[Opening SUPPLIED DATA section]

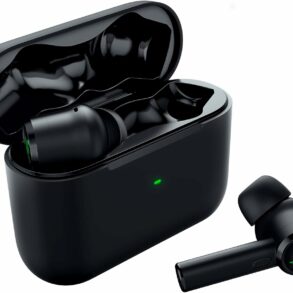 Écouteurs sans fil Razer Hammerhead True Wireless Pro noirs avec réduction de bruit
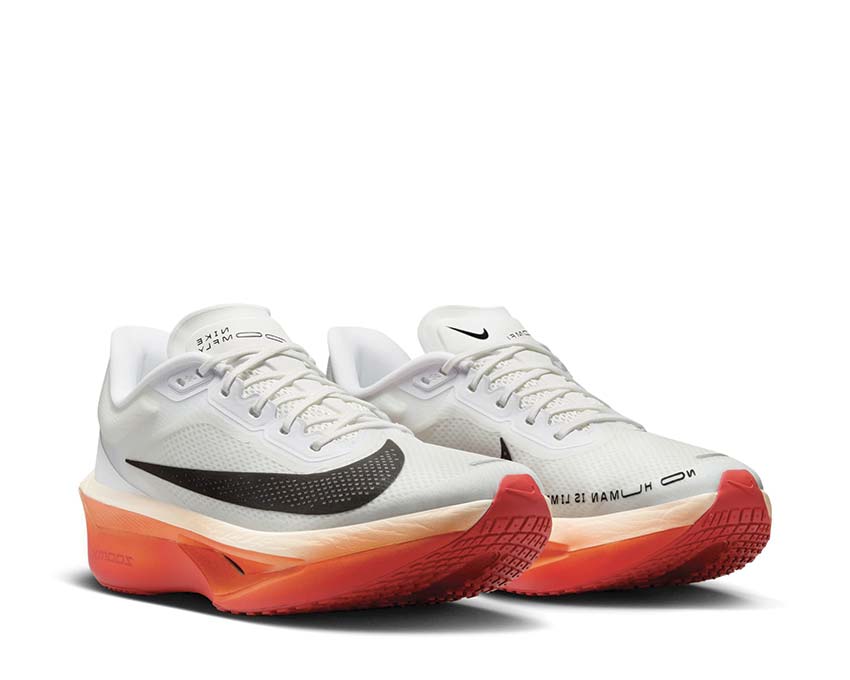 Nike Zoom Fly 6 "Eliud Kipchoge" White / Black - Pale Ivory - Sail HJ7038-100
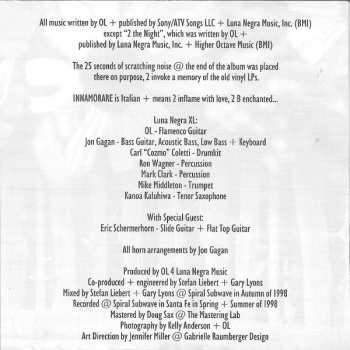 CD Ottmar Liebert: Innamorare - Summer Flamenco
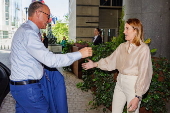 German Chancellor Friedrich Merz visits EU institutions, NATO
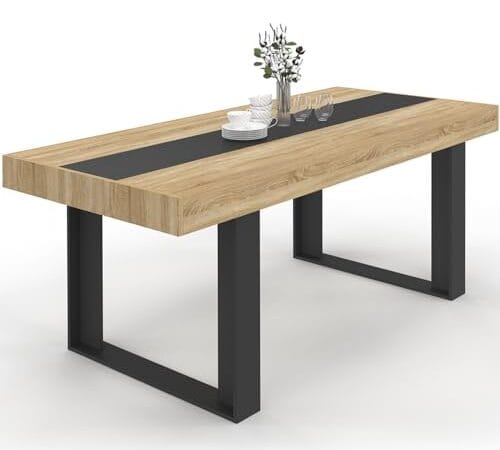 Table à Manger Rectangulaire Phoenix 8 Personnes Table à Manger Rectangulaire Phoenix 8 Personnes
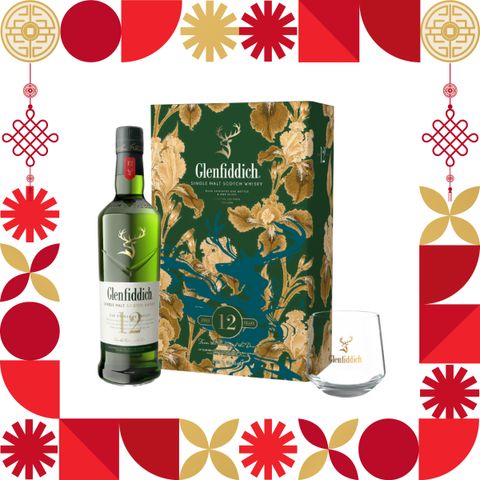 GLENFIDDICH 12 YEARS VAP PACK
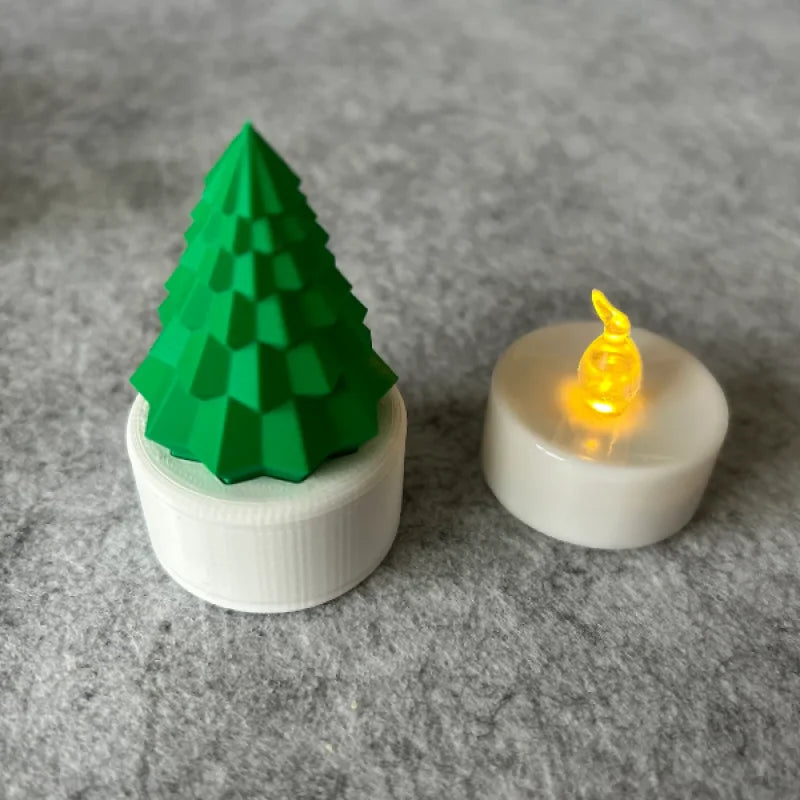 Mini-LED-Christmas-Tree (Vase Mode) // Mini-LED-Weihnachtsbaum (Vasen-Modus)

[Closing SUPPLIED DATA section]

| WORK ITEM |
Only the lines from the start of the records to the line with "German Chancellor Friedrich" belong in the copy. Print them exactly, minus pictures.

| RESPONSE TO THE TASK |
 Écouteurs sans fil Razer Hammerhead True Wireless Pro noirs avec réduction de bruit
 Nike Zoom Fly 6 "Eliud Kipchoge" White / Black - Pale Ivory - Sail HJ7038-100
 CD Ottmar Liebert: Innamorare - Summer Flamenco
 German Chancellor Friedrich Merz visits EU institutions, NATO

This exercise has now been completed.